This Mainer Has Been Through A Hurricane
Don’t just read the first four words of that headline.
I lived in Florida from 2002 until 2008. So there were plenty of hurricanes over the years. The season is about four months long and everybody is used to what to do if a hurricane is predicted for your area. Or should I say most everybody?
Once I was there and a hurricane was predicted and an evacuation order was optional. Meaning we were going to be on the outer band of the hurricane. It’s amazing that what is good news for some is also bad news for others. They can predict very accurately where the worst will hit. And it’s rather amazing how many hurricanes there are that are somewhere else and your weather might not be anything but close to normal.
When you must evacuate most just leave the coast and go to the interior to a friend or relative or if you book soon enough, a hotel that is away from the coast.

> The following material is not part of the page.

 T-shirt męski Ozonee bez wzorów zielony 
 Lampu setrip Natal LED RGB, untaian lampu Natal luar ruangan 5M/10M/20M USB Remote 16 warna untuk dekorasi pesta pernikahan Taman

Once a hurricane makes landfall, in most cases the high winds die down as it moves through. I decided to stay. I can’t remember what hurricane or even year it was.
Most houses are block, so you have very thick cement walls. The damage is if your roof is ripped off by the wind, or debris is blown into a window that shatters.
In the lead-up to the hurricane, it was very calm and I was catching up on emails, probably watching a movie too, and as the skies darkened I thought this won’t be so bad. And it wasn’t. Until the power went out. No internet. No lights. Time to read an actual book with a flashlight.
I made it through the night, even though the wind was howling and the rain was coming down hard. Then early the next morning, not even an hour after the storm had passed, the wind was calm, the sun was shining brightly and the only remnants of the hurricane were the downed tree branches everywhere. Yet 25 miles away, lots of destruction.